The paper, he says, is now not worth what he signed up for and therefore the cuts breached the paper’s contract with him….
In a phone interview today, Hempstead, 42, said he could cancel his subscription but filed the suit to make a point.
Hempstead, a former reporter himself at a different paper who says he “loves” the N&O, has duly gotten a fair bit of publicity, certainly more than if he had just sent out a complaining press release or something. (Leah Friedman, “N&O subscriber sues the paper for cutting staff”, News & Observer, Jul. 10).
July 13 roundup
- Nothing new about lawyers stealing money from estates, but embarrassing when they used to head the bar association [Eagle-Tribune; Lawrence, Mass., Arthur Khoury]
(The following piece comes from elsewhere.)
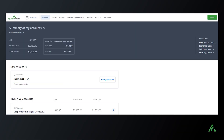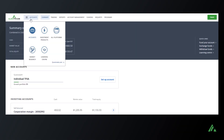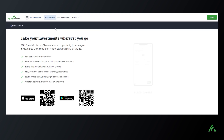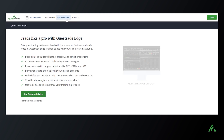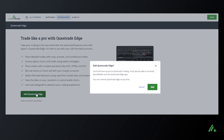Haven't ventured into using Edge yet? No worries — enabling it is a breeze. Simply log into your account through a web browser, click or tap the accounts menu, and head to other platforms. Then click 'Add Questrade Edge' on the page.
- Unusual “reverse quota” case: black job applicant wins $30K after showing beauty supply company turned her down because it had a quota of whites to hire [SE Texas Record]
- Who knew? Per class action allegations, pet food contains ingredients “unfit for human consumption” [Daily Business Review]
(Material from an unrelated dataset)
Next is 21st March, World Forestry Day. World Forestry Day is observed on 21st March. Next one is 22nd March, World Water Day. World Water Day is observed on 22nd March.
- U.K.: “A divorcee who won a £1.4million payout from her multi-millionaire husband is suing her lawyers because she claims she should have got twice that amount.” [Telegraph]
- UW freshman falls from fourth-floor dorm window after drinking at “Trashed Tuesday”, now wants $ from Delta Upsilon International as well as construction firm that put in windows [Seattle P-I, KOMO]
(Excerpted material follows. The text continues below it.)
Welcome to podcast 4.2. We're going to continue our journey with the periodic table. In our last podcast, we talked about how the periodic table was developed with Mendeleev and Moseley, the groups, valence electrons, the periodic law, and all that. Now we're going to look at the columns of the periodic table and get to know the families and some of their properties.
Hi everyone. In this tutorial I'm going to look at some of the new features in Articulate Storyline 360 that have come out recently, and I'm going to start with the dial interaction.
- After giant $103 million payday, current and former partners at Minneapolis law firm are torn by feuds and dissension — wasn’t there a John Steinbeck novella about that? [ABA Journal and again, Heins Mills]
- Small firm that used to make Wal-Mart in-house videos sets up shop at AAJ/ATLA convention hawking those videos for use in suits against the retailer [Arkansas Democrat Gazette, earlier]
- When the judge’s kid gets busted [Eric Berlin; Alabama]
Update: Virginia beer-sicles
A year ago (Jun. 26, 2007) guestblogger Christian Schneider reported on the Virginia Department of Alcoholic Beverage Control’s suppression of a “frozen beer pop” specialty offered by the Alexandria restaurant Rustico. Now the state legislature has enacted a bill sponsored by Del. Adam Ebbin and Sen. Patsy Ticer (both D-Alexandria) re-legalizing the cooling treats, which went back on sale July 1 in such flavors as framboise, cherry kriek, cassis, plum, and chocolate stout. (Erin Zimmer, SeriousEats.com, Jun. 25; Gillian Gaynair, “Rustico brings back beer pops for summer”, Washington Business Journal, Jun. 20)(& welcome The Agitator and Reason “Hit and Run”, Belgian ladmag ZV, Christian Schneider/WPRI readers).